Extracted material

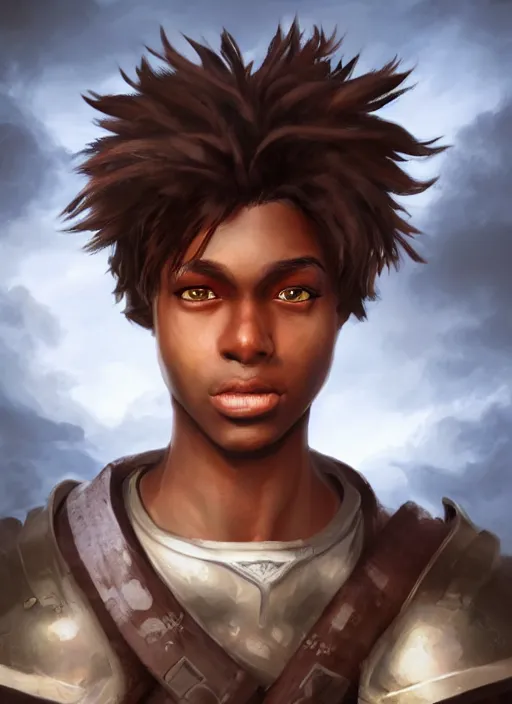 Image similar to An epic fantasy comic book style portrait painting of a dark skinned long haired boy with intelligent eyes, unreal 5, DAZ, hyperrealistic, octane render, cosplay, RPG portrait, dynamic lighting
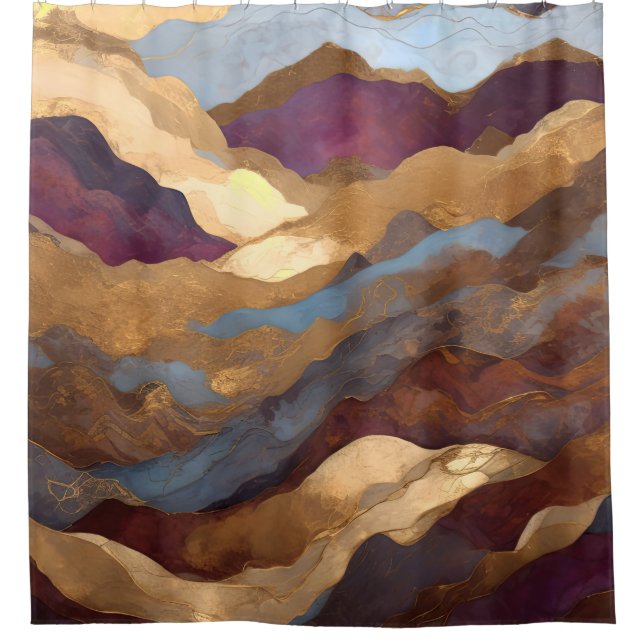 Aquarellfarbene Abstrakte Landschaftsmalerei Gold Duschvorhang (Vorderseite)
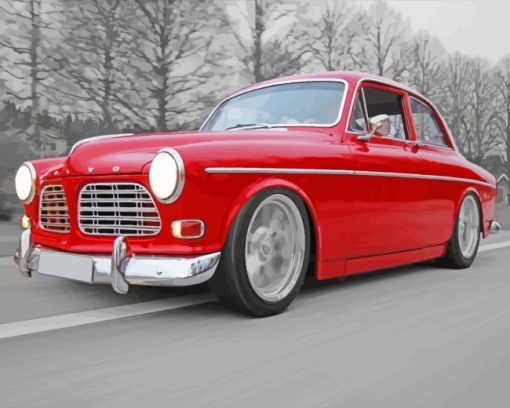 Red Volvo Car Diamond Painting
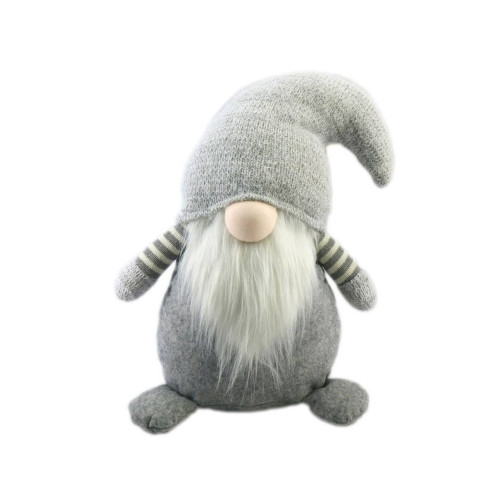 Standing Christmas Gnome Decoration - 19.5" - Gray and White - IMAGE 1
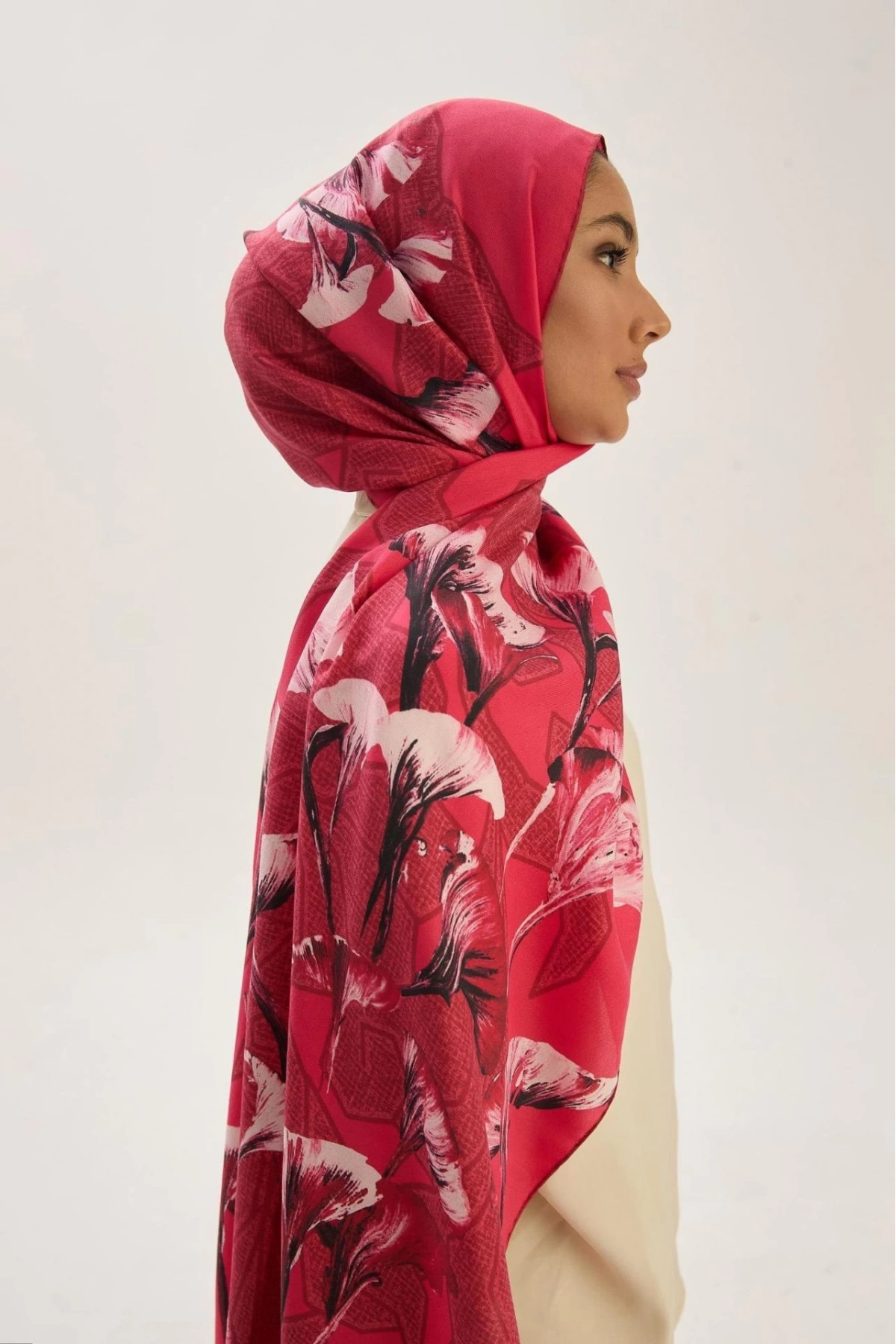 Maisa LEMA PAMUK İPEK ŞAL 70*190 CM - NAR ÇİÇEĞİ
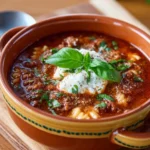 Bowl of cheesy lasagna soup with melted cheese and herbs on top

Problem
Only the lines from where the data begins to the line with "Aquarellfarbene Abstrakte Landschaftsmalerei", both of them included, should be reproduced word for word; no pictures.

Response area
 Image similar to An epic fantasy comic book style portrait painting of a dark skinned long haired boy with intelligent eyes, unreal 5, DAZ, hyperrealistic, octane render, cosplay, RPG portrait, dynamic lighting
 Aquarellfarbene Abstrakte Landschaftsmalerei Gold Duschvorhang (Vorderseite)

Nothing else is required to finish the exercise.